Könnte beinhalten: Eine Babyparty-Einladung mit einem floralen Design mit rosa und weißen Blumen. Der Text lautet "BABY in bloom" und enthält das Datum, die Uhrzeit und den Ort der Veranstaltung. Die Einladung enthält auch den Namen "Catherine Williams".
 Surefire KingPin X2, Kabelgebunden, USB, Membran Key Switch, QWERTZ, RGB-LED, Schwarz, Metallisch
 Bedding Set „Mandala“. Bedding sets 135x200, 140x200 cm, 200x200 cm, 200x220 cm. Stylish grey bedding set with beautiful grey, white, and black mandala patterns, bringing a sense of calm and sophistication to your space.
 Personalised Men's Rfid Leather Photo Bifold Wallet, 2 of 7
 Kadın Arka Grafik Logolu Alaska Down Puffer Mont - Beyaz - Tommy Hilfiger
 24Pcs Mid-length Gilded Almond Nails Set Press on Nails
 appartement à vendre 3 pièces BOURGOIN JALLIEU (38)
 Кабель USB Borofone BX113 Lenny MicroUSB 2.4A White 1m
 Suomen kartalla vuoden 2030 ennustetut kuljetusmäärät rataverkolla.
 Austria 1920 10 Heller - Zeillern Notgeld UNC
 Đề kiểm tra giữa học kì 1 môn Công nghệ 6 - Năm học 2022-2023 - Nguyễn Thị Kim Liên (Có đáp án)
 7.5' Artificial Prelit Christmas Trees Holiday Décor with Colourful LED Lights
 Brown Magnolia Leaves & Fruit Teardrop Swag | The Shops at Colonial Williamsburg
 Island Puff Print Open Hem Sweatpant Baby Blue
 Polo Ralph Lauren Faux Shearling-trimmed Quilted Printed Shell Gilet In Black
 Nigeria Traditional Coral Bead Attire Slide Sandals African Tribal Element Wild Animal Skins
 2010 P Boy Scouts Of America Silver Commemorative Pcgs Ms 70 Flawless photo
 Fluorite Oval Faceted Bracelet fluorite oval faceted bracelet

^^^^^^^^^^^^^^^^

TASK: Pull each line containing "with" from the records.

TASK ANSWER:
 Bedding Set „Mandala“. Bedding sets 135x200, 140x200 cm, 200x200 cm, 200x220 cm. Stylish grey bedding set with beautiful grey, white, and black mandala patterns, bringing a sense of calm and sophistication to your space.
 7.5' Artificial Prelit Christmas Trees Holiday Décor with Colourful LED Lights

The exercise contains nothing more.